> **Work item**: Below this line are records; write out exactly the lines from the one containing "Imagem Afastado no" through the one containing "Bayram öncesi gıda ürünlerine yakın takip", with the pictures left out.

> **Provided records**:

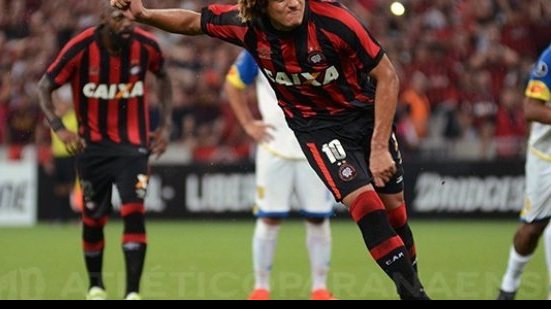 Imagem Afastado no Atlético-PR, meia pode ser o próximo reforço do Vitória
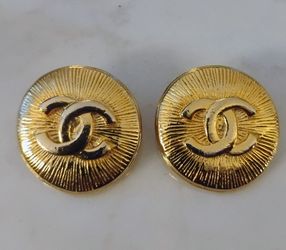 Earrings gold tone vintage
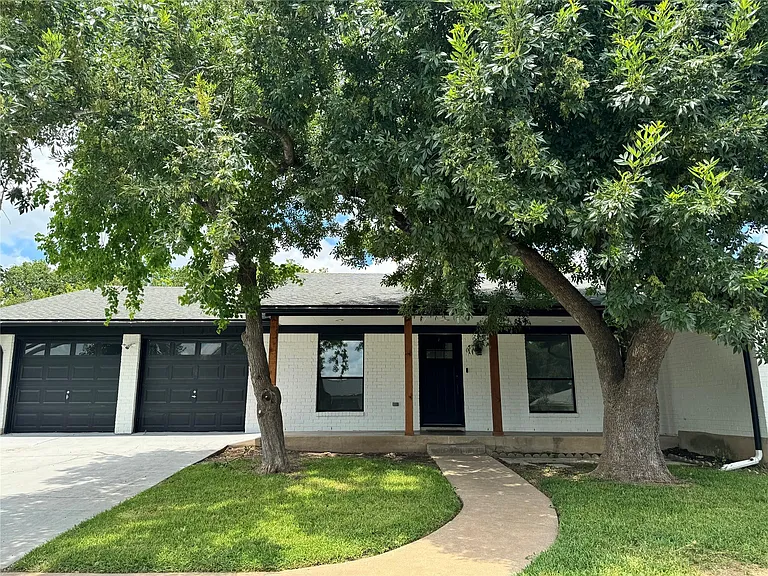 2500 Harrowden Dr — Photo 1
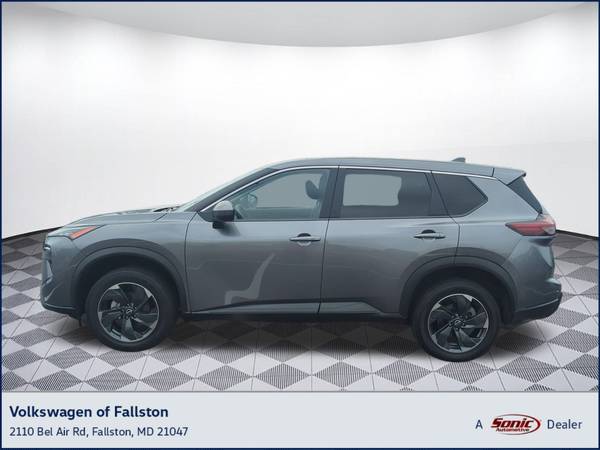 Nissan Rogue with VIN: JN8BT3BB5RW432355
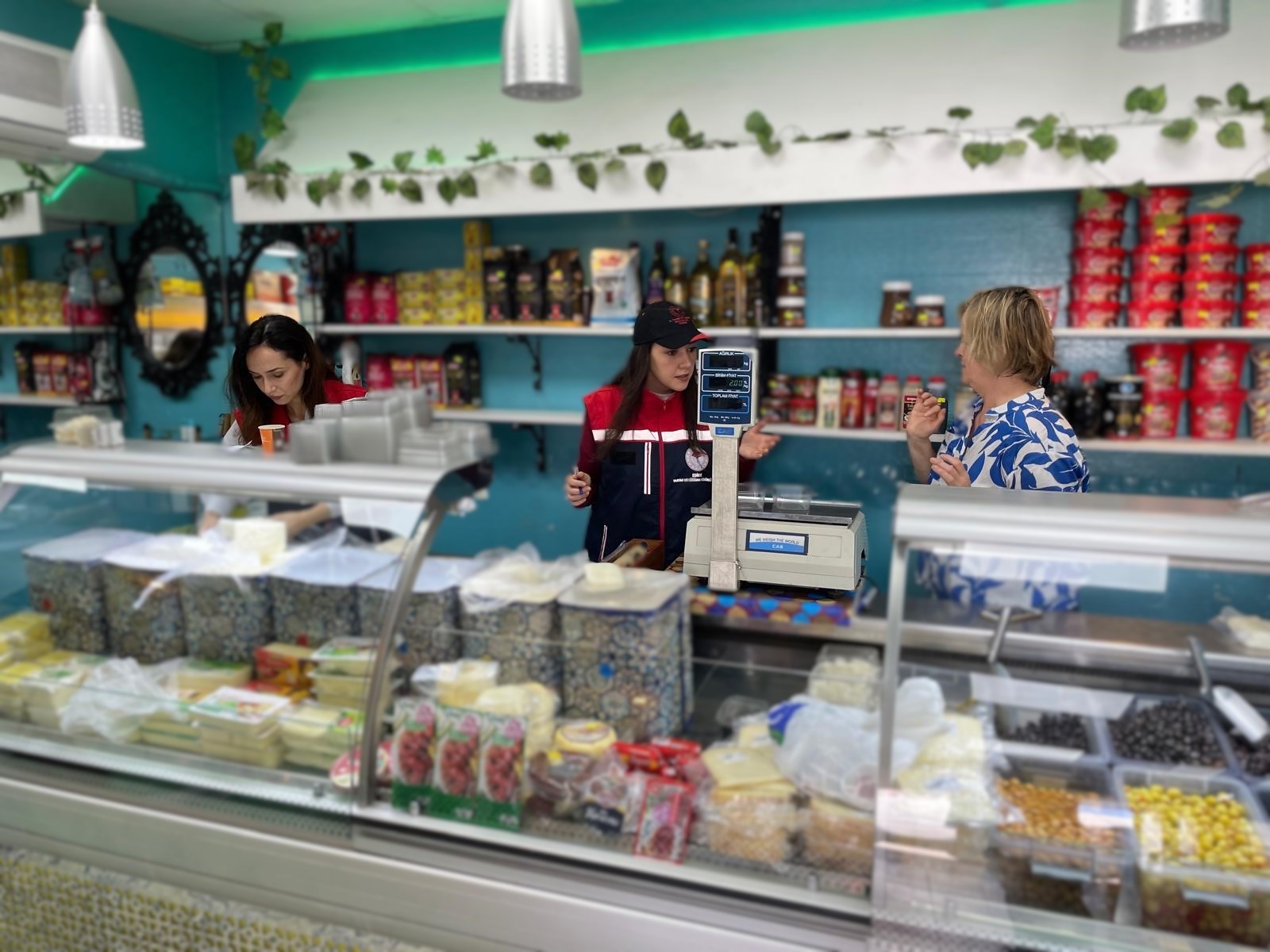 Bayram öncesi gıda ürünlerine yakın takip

---

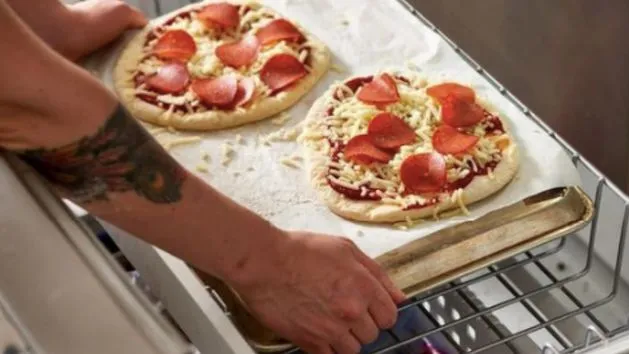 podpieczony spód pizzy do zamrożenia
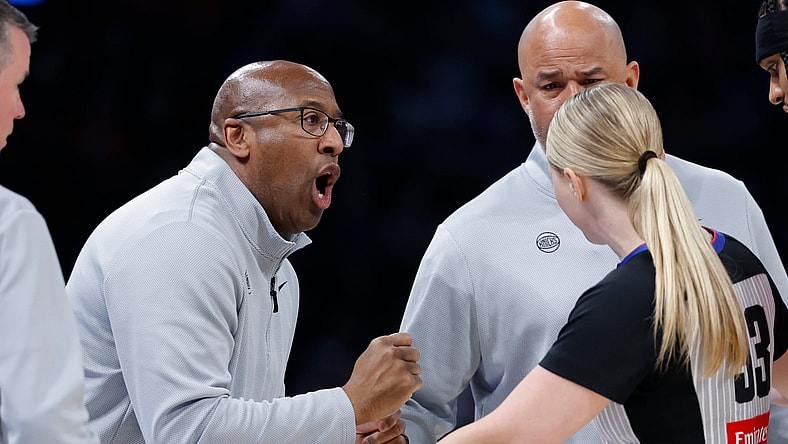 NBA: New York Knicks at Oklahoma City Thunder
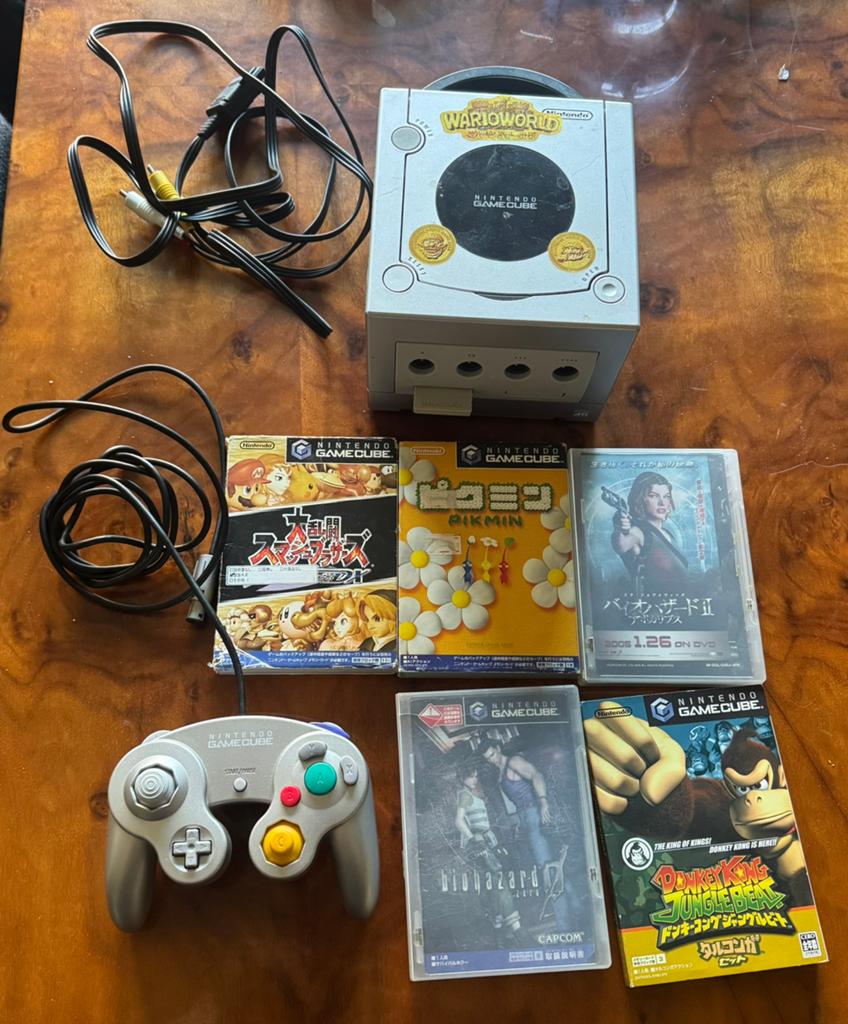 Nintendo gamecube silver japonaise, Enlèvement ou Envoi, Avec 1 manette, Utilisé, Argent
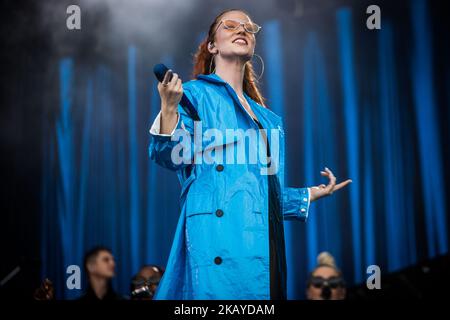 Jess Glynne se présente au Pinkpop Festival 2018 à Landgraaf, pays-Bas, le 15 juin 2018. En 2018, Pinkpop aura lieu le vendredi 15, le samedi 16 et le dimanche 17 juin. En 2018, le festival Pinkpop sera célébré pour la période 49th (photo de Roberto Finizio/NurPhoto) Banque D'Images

> **Worked solution**:
 Imagem Afastado no Atlético-PR, meia pode ser o próximo reforço do Vitória
 Earrings gold tone vintage
 2500 Harrowden Dr — Photo 1
 Nissan Rogue with VIN: JN8BT3BB5RW432355
 Bayram öncesi gıda ürünlerine yakın takip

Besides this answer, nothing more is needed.